PDSRS-LD: Personalized Deep Learning-Based Sleep Recommendation System Using Lifelog Data.
Ji-Hyeok Park, So-Hyun Park
Abstract
Open AccessThis study proposes a Personalized Deep Learning-Based Sleep Recommendation System Using Lifelog Data (PDSRS-LD). Traditional sleep research primarily relies on bio signals such as EEG and ECG recorded during sleep but often fails to sufficiently reflect the influence of daily activities on sleep quality. To address this limitation, we collect lifelog data such as stress levels, fatigue, and sleep satisfaction via wearable devices and use them to construct individual user profiles.
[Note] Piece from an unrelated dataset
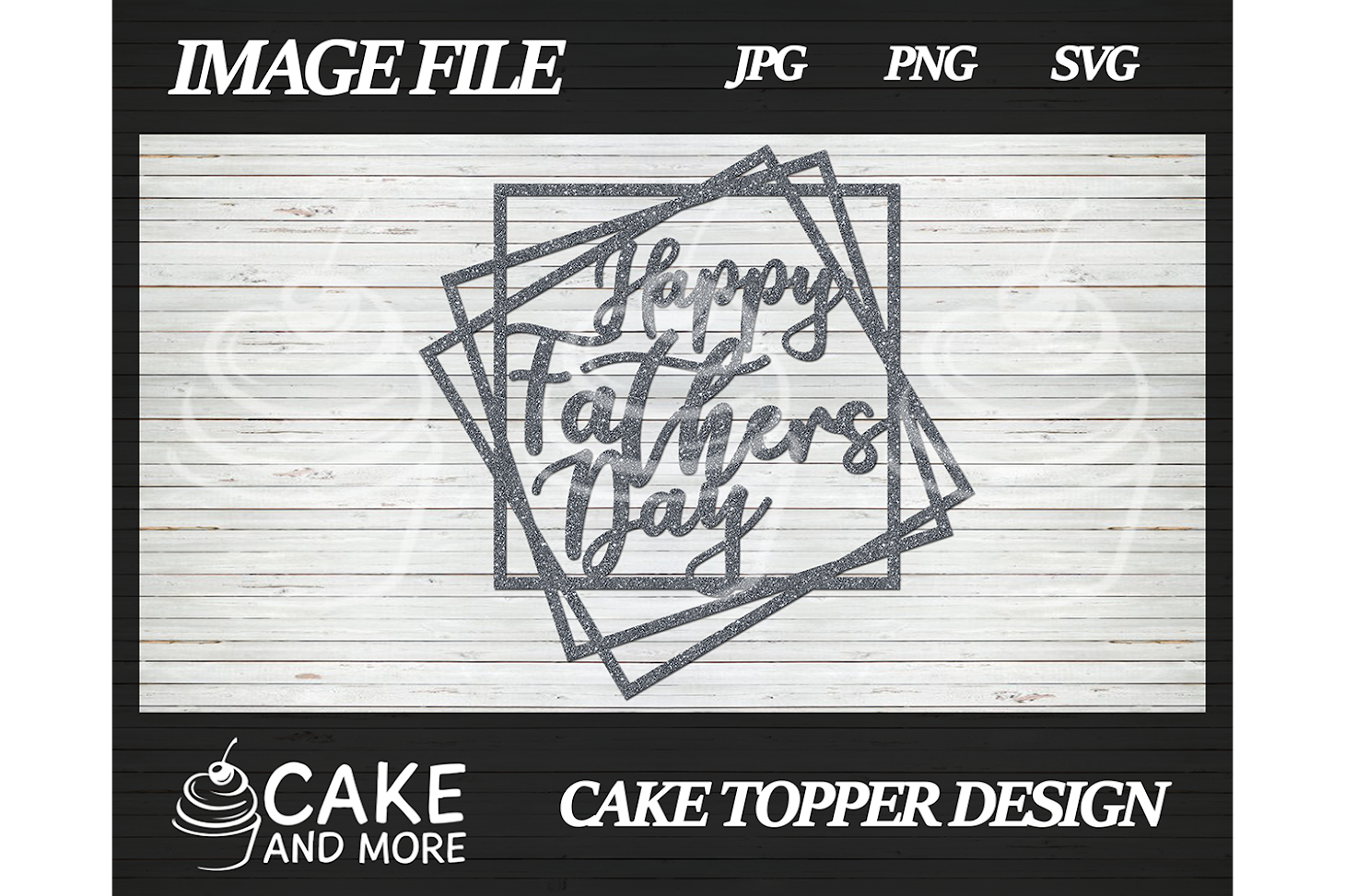 Download Free Happy Father's Day Cake Topper SVG, PNG, EPS DXF File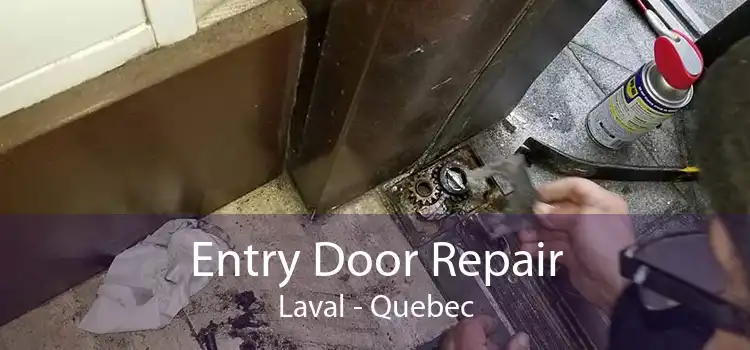 Entry Door Repair Laval - Quebec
Subsequently, real sleep data obtained from an AI-powered motion bed are incorporated for secondary training to enhance recommendation performance. PDSRS-LD considers comprehensive user data, including gender, age, and physical activity, to analyze the relationships among sleep quality, stress, and fatigue. Based on this analysis, the system provides personalized sleep improvement strategies. Experimental results demonstrate that the proposed system outperforms existing models in terms of F1 score and Average Precision (mAP). These results suggest that PDSRS-LD is effective for real-time, user-centric sleep management and holds significant potential for integration into future smart healthcare systems.